About this task: A letter-for-letter copy of the listing is required, with no pictures in it.

Data block:
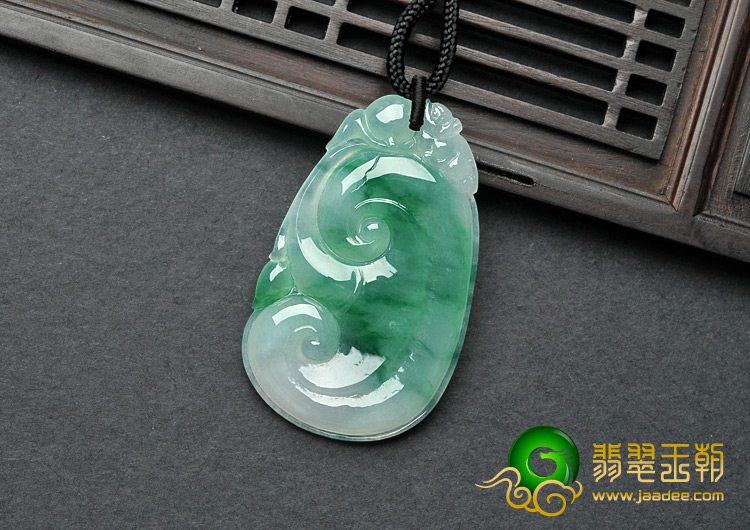 冰种飘花缅甸翡翠A货如意寿挂件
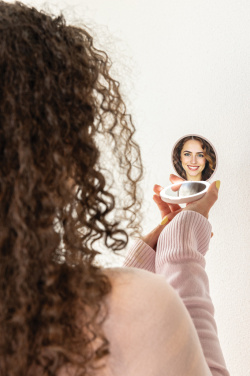 Logo trade firmakingitused foto: Lumora LED laetav meigipeegel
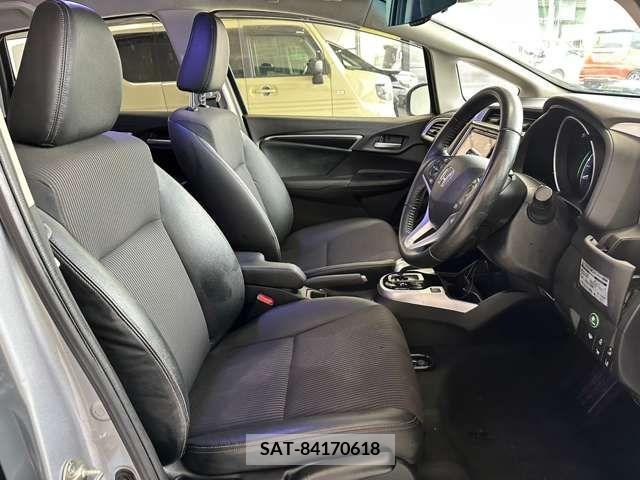 Honda FIT 2019-06 384686-6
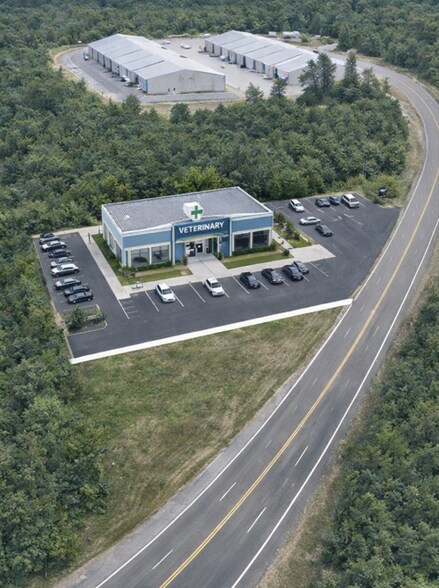 1 Shenandoah dr, Mechanicville, NY à vendre - Photo du bâtiment - Image 3 de 12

Task response:
 冰种飘花缅甸翡翠A货如意寿挂件
 Logo trade firmakingitused foto: Lumora LED laetav meigipeegel
 Honda FIT 2019-06 384686-6
 1 Shenandoah dr, Mechanicville, NY à vendre - Photo du bâtiment - Image 3 de 12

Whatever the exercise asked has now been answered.